Когда немцы в комнате, слышен только их разговор. Мы живем молча. Объясняемся большей частью кивками, глазами, движением рук или разговариваем шепотом.

— Боря, вынеси ведро во двор.

— Дети, идите сюда.

— Где же наши?.. Как тянется время…

— Господи, дай ты им силу, милосердный наш…

* * *

К молчанию так привыкли, что, даже когда немцы уходят в овраг стрелять из пистолета по каскам, подвешенным к веткам яблонь, все равно тихо говорим.

Нас заедают вши, и мама ничего не может с ними поделать. Кипятит белье, но вши откуда-то берутся. Мне кажется, что они вылезают из-под кожи. Днем пересмотришь и рубашку, и штаны, и трусы, кажется, всех перебьешь, а потом они снова кусаются. И я чешусь и чешусь. Очень подолгу лежу на печке. Подопру голову руками и думаю. Думаю о разном. Представляю, как ночью загремят выстрелы и вернутся в хату наши. Часто вспоминаю Таню. Почему-то кажется, что она где-то здесь поблизости, но где она может быть и почему так кажется — понятия не имею. Порой возникает картина: немцы наконец решились и ведут нас расстреливать.
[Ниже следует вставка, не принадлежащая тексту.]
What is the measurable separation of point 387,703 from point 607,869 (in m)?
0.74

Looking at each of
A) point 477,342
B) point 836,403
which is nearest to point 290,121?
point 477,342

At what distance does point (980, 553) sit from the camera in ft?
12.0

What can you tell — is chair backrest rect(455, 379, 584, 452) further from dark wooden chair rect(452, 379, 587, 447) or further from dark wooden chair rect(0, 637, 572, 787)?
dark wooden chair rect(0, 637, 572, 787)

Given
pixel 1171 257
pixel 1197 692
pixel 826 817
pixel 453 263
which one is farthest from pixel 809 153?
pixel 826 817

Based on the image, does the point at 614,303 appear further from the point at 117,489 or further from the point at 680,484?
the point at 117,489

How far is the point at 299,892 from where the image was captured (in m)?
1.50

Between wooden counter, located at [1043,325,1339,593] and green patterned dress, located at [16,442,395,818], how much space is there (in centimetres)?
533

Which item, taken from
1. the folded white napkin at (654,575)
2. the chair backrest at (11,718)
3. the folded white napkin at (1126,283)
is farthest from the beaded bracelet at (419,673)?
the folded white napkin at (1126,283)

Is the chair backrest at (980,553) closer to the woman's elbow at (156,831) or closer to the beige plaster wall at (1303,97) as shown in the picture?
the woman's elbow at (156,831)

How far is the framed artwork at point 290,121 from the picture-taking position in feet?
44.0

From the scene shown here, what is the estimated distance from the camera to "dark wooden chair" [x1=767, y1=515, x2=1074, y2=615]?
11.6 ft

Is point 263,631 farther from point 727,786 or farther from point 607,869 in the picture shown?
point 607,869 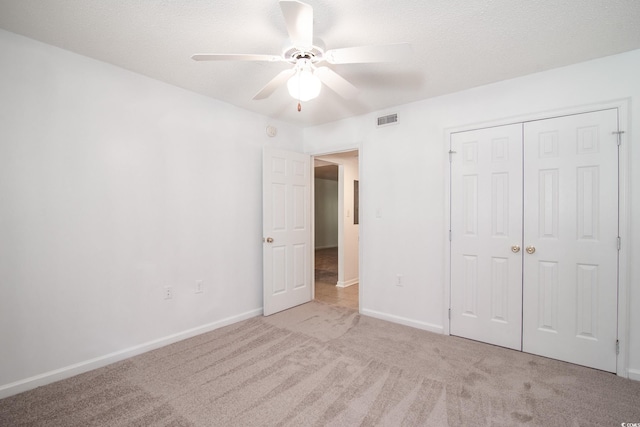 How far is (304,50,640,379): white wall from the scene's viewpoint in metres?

Картина до того страшная, что заползаю в угол и шепчу:

— Нет, не убьют никого: ни отца, ни маму, ни меня, ни Авдотью, ни девочек.

Перебираю всех, кого знаю, кого помню. Даю клятвы самому себе, что, как только наши вернутся, буду самым хорошим и послушным. Иногда клятвы получаются очень длинными, я путаюсь и засыпаю.

…Через день пригнали в деревню наших пленных. Их разместили в пустой конюшне. Сразу к конюшне потянулись бабы с узелками. Авдотья слазила в погреб, откопала бочонок с салом, отрезала кусок и, завернув круглый хлеб и сало в тряпку, понесла пленным. Баб собралось человек двадцать. Солдат, охранявший пленных, не подпустил их близко.

— Да чего тебе, идол! — кричала какая-то баба. — Люди же там! Антихрист!

Солдат выругался и продолжал ходить туда-сюда.

Из маленьких окон конюшни выглядывали обросшие, серые лица. Я долго смотрел на одно. Никак не мог понять: отчего оно дергается? Потом мне вдруг приходит мысль, о которой я сразу шепчу Гришке на ухо. Он озирается. Забираем у Авдотьи узел и бежим к хатам. За нами несколько ребят. Мы крадемся огородом и обходим конюшню с другой стороны. Гришка сует в окно хлеб, я сало, и бежим прочь. Ребята проделывают то же самое.

Бабы не уходили. Наконец появились еще солдаты и офицеры. Солдаты приняли узелки, просмотрели их и побросали в окно конюшни. Ночью двое пленных пытались бежать через крышу. Одного пристрелили на снегу, другого — когда он наполовину вылез из соломы. Днем я смотрел на него, и казалось, что он просто застрял и силится выбраться, да не может. Пленных угнали на следующий день под вечер к городу.